Hi Guys ...need some help here Please. I'm in the process of tar papering the shop roof so I can start on the singles. My question is this ...How much overlap is needed on the tar paper for a "good" job? ... I have a friend that used to do roofing tell me 50% over lap ...then the store guys said 3 or 4 inches. I live in and area that doesn't get lots of rain, but I'll like to do a "good" job on my shop ...without going over board. Any help would be appreiated! ...Mark
04-05-2004 02:33 PM
A lot of todays roofers don't even use the tar paper. Don't know if the shingles are better quality today, doubt it. I would say that a 4 in overlap is fine.
04-05-2004 02:36 PM
As far as I know there should be a line present along one side of the roll to act as an overlap guide. There is on Ice and Water shield anyway.
04-05-2004 03:02 PM
How much overlap you need really depends on the slope of your roof. Most roofing material will have the manufacturer's recommendations printed on the paper that wraps the roll together. "Fifteen pound" tar paper is really just an underlayment and should not be used as finish roofing. It just won't hold up. There are roll roofing products made to be used as a finish layer. Most of these have a coating-chips and bits-attached to about half the width, making the required overlap easy to gauge. The lines on the tar paper are generally guides for applying shingles on top of them, but may help you gauge your overlap. Shingles come rated in pounds per square (100 sq ft coverage), usually 3 bundles of shingles per square. The higher the weight, usually the longer the guarantee. The best ones are now 40 year. Shingle overlap, drip edge requirements etc., are also printed on the shingle package, or on a fact sheet available from the dealer. You might also look into metal roofing. It comes in widths that typically cover 3 feet and can be ordered to fit your roof-maybe even 30' long. Goes on fast and lasts 2x what shingles do. Again, what kind of roof material you do is related to the slope of your roof. And your budget. But a tarpaper roof won't last a year.
04-05-2004 03:17 PM
this is a 1:3 slope roof. I don't plan to just leave the tar paper uncovered, I've got singles ready to go. This tar paper is marked "ASTM 30" ...seems heavy, not sure what #15 paper looks like. But I have 1280 sq. ft. of roof to cover.
04-05-2004 08:00 PM
I have done a few roofs. What I usually do is put the bottom row on. The next row is overlapped to the line on the paper of the forst row, and so on. The tar paper will seal itself from the heat in the summer, but don't leave it uncovered for an extended time period. I have never had one of my roofs leak doing it that way.
04-06-2004 12:21 AM
Adtkart is right on, Ca. weather that should hold up fine. Don't forget the flashing on the edges. :D Dan
04-06-2004 01:46 AM
Mainly the felt paper is a precautionary measure until you get your shingles on. 3"-4" overlap is fine. Just staple along both edges or use the tab nails to hold it good along the edge until you get the shingles on. Also when you start your shingles...quite a few just take the starter row and turn it upside down. The way I do it is to cut off the three tabs and put the glue strip at the bottom for the starter. Then when the next shingle goes on top the three tabs are glued down. Have fun!!!! I hate roofing with a passion and seems like every year I end up having to roof something. Oh yea...don't forget the drip edge like Dinger stated.
04-06-2004 08:00 PM
Kevin is right. Only 3-4 inches overlap on the tar paper is fine. Use the three tab shingles upside down for your starter row. Don't forget the drip flashing and if you can overhang the first row about an inch. That should do it. For the ridge row, make them out of three tab shingles and start on each end and work to the center then your final shingle will seal it up and look good.
04-06-2004 10:20 PM
The way I do it is to cut off the three tabs and put the glue strip at the bottom for the starter.

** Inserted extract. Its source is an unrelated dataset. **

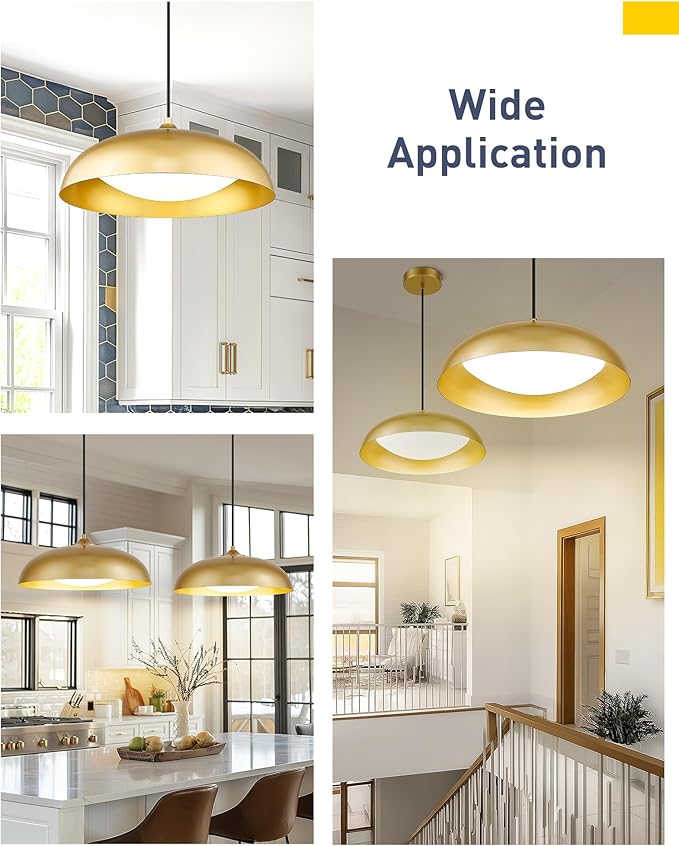 kudos LED Pendant Light Fixtures, Modern Gold Pendant Light, 15 Inch Large Kitchen Pendant Light for Kitchen Island, Dining Room, Living Room, Bedroom, 5CCT Adjustable, KDPL02-GD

That is also the way I do it, but I also add some black roof cement that comes in a caulk tube. What happens more often than not in high wind is the first row lifts and wind gets under, if you glue it down you lessen that risk.
If the building is not heated or cooled then you do not need tar paper as it is mostly a vapor barrier but I always use it because you never know what you will do in the future. Again as said the overlap is not that big a thing as no rain will ever get to it unless you did a bad shingle job.
04-13-2004 08:48 PM
The higher the pitch, the less chance you will have for it leaking. The felt paper is cheap enough that you should really use it no matter what the pitch.